Training your puppy can be difficult when you’re a first time dog owner. When I got my very first puppy, I was so excited to take him home, but had no idea where to start! That’s why I decided it would be best to put together an easy-to-read guide on how to train your puppy the right way!
Some people are under the impression that dog training is just about teaching dogs to sit and stay. The truth is, it’s a lot more than that. When you bring a puppy home, training begins immediately. As soon as he comes inside the house, make sure to create boundaries for him and show him that this is his new home. They’ll also need to learn concepts such as bite inhibition, and basic obedience commands such as sit, down, stay etc.

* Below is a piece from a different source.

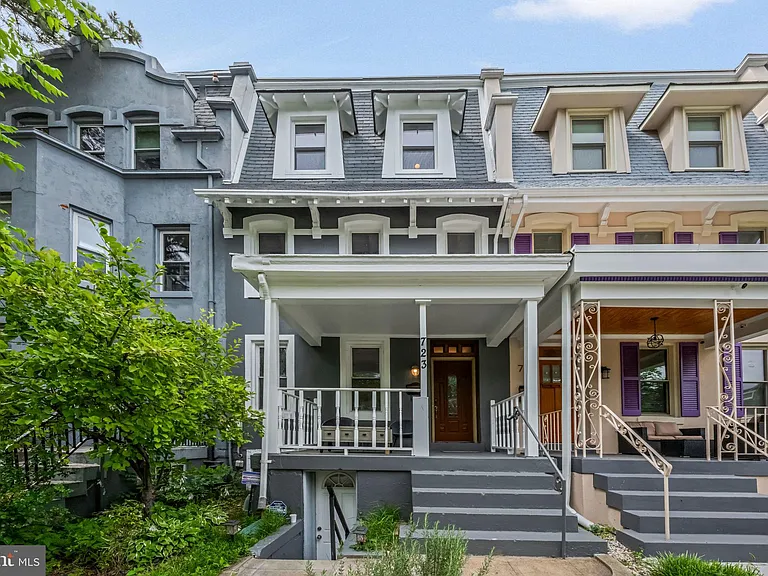 723 Quebec Pl NW — Photo 1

It’s important to have a dog training plan, because it helps build the partnership between you and your pet. When you’re consistent with your training plan, your puppy will learn better and faster. What you’ll do depends on the breed, age and temperament of your dog.

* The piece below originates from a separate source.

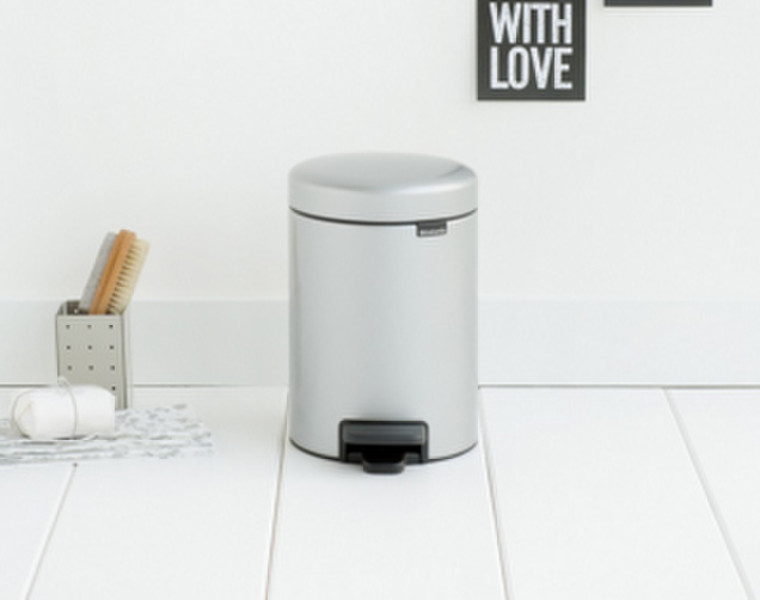 Brabantia 113260 trash can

Another important part of training your puppy is the partnership. The stronger your partnership is with your puppy, the easier it will be to train them. Positive reinforcement training techniques help to solidify this partnership.
Socializing Your Puppy
A lot of trainers teach socialization in the form of “puppy play dates.” At Dogology, we take a different approach. We believe that puppy play dates teach dogs to look at other dogs as a reward. This then leads to barking and pulling on the leash when the dog gets older, and is frustrated that they can’t “go say hi” to other dogs.
Instead of teaching your puppy to socialize with other dogs, we prefer to teach them to focus on you, and be neutral to other dogs and people. That way, they’re not pulling on the leash, frustrating themselves, and frustrating you!
Puppy Obedience Training
When obedience training your puppy, start with a couple of basics, such as sit, down, and come. We’ll teach them these commands by marking with a word such as “yes”, or using a clicker. By marking and rewarding, we’re taking a snapshot of their behavior, and rewarding them. They will soon associate the marker word or clicker with food, which will allow you to reward them more easily.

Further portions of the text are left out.